China Warns U.S. About Imposing Tariffs as Latest Talks Conclude

Chinese Vice Premier Liu He (right) chats with U.S. Commerce Secretary Wilbur Ross during a photograph session after their meeting at the Diaoyutai State Guesthouse in Beijing on June 3. Photo: VCG
Chinese Vice Premier Liu He (right) chats with U.S. Commerce Secretary Wilbur Ross during a photograph session after their meeting at the Diaoyutai State Guesthouse in Beijing on June 3. Photo: VCG

China warned the United States that imposing tariffs and other trade barriers would jeopardize any progress the two sides have made to date to ease their trade tensions, Beijing said in a short statement on Sunday.

Delegations from China and the U.S., led by Chinese Vice Premier Liu He and U.S. Commerce Secretary Wilbur Ross, held another round of trade talk in Beijing on Saturday and Sunday, following two rounds of earlier negotiations in Beijing and Washington, the official Xinhua News Agency reported.

No announcement of any deal has been made regarding the latest round of talk, but a short statement issued by the Chinese government said talks over the weekend have made “positive and concrete” progress

“To implement the consensus reached in Washington, the two sides have had good communication in various areas such as agriculture and energy, and have made positive and concrete progress while relevant details are yet to be confirmed by both sides,” the statement said.

A person with knowledge of the matter told Caixin that the latest talks were held based on the agreements that the two sides made in Washington last month. Although there have been twists and turns since then, China’s viewpoint and strategy have been unchanged during the negotiations, the source said.

China and the U.S. issued a joint statement in late May after a second round of trade talks, during which China agreed to “substantially” reduce its large trade surplus with the U.S., particularly by importing more American agricultural and energy goods. But the easing of tensions was jolted by U.S. President Donald Trump’s vow before the weekend talks to revive threatened tariffs on $50 billion worth of imports from China. 

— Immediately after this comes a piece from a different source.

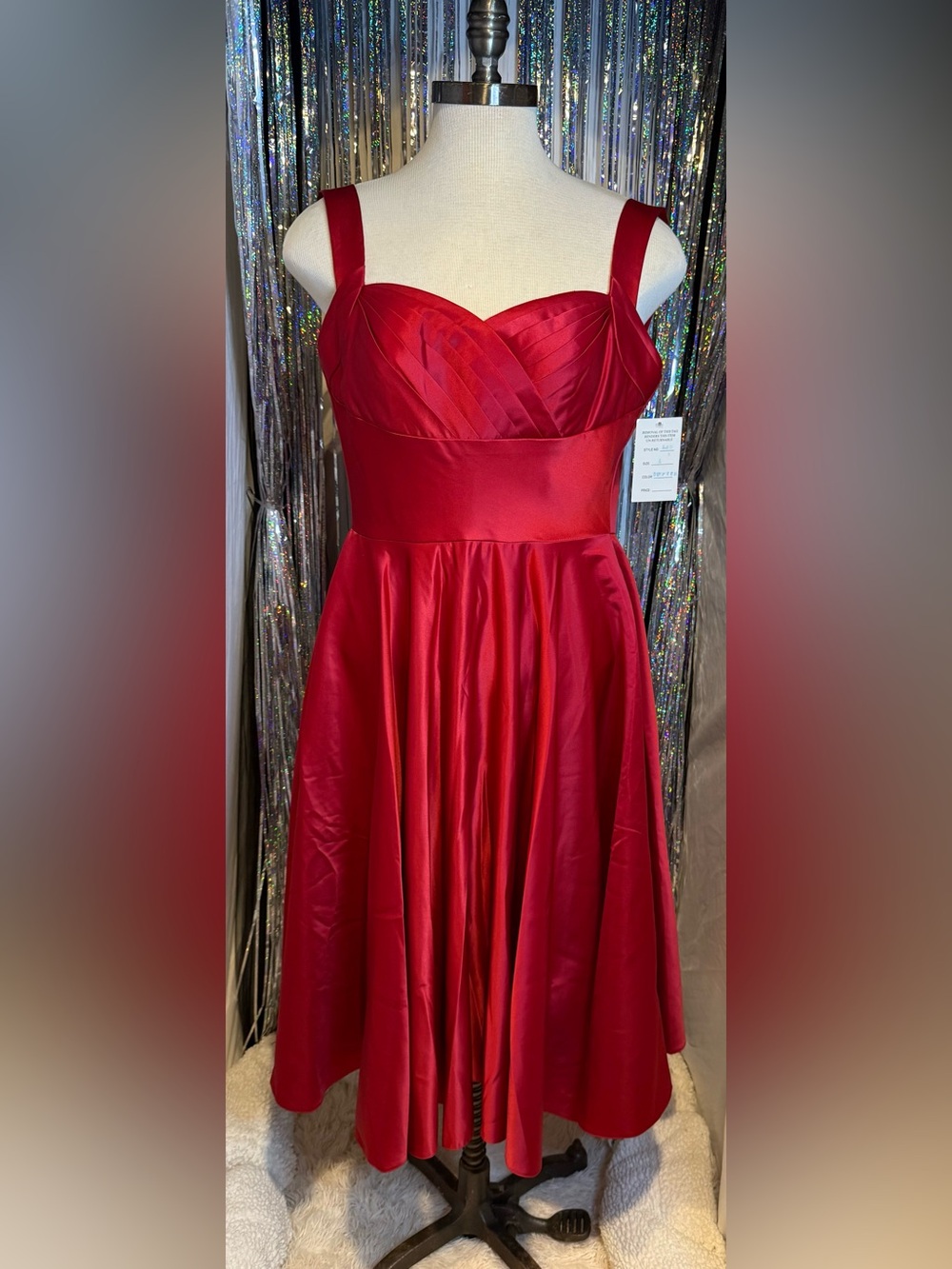 Unique Vintage Red Satin Fit-and-Flare Dress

China has been slashing tariffs on automobiles and other consumer goods in the past few weeks, and making it easier for foreign financial-services companies to access Chinese markets.

China’s attitude had been consistent and it is willing to increase imports from all countries, including the U.S., to meet the Chinese people’s ever-growing needs for a better life and the requirements of high-quality economic development, the statement said.

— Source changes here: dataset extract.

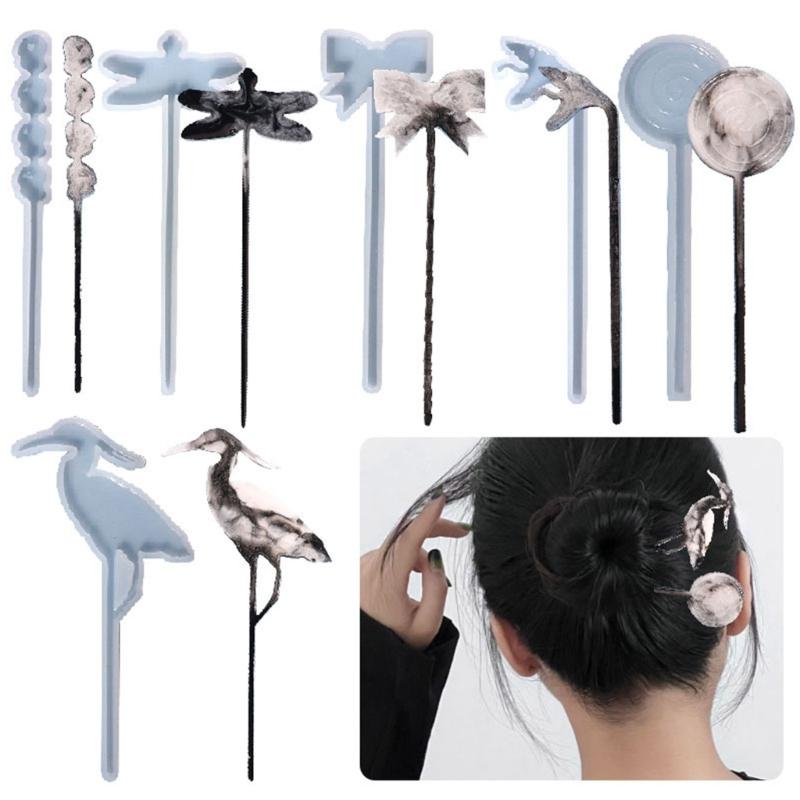 Butterfly Dragonfly Hairpin Molds Hair Stick Silicone Molds Headdress Hair Pin Epoxy Resin Casting Mold Jewelry Making DIY Craft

“Reform and opening-up as well as expanding domestic demand are China’s national strategies. Our set pace will not change,” the statement said.

But in a rare straightforward warning at the end of the statement, it said, “If the U.S. introduces trade measures, including an increase of tariffs, all the economic and trade outcomes negotiated by the two parties will not take effect.”

The statement intends to alert the U.S. government — which is divided on its attitude toward China — about the bottom line on future trade negotiations, analysts said. This indicates that China will keep its own pace to pursue easing the trade-war threat through negotiations while safeguarding its interests, they said.

Agreements between China and the U.S. should be based on the premise that both sides will move in the same direction and not wage a trade war, the statement said.

Routine procedures call for the U.S. delegation to report to Trump about the latest talk after returning. Details regarding the negotiations will be confirmed.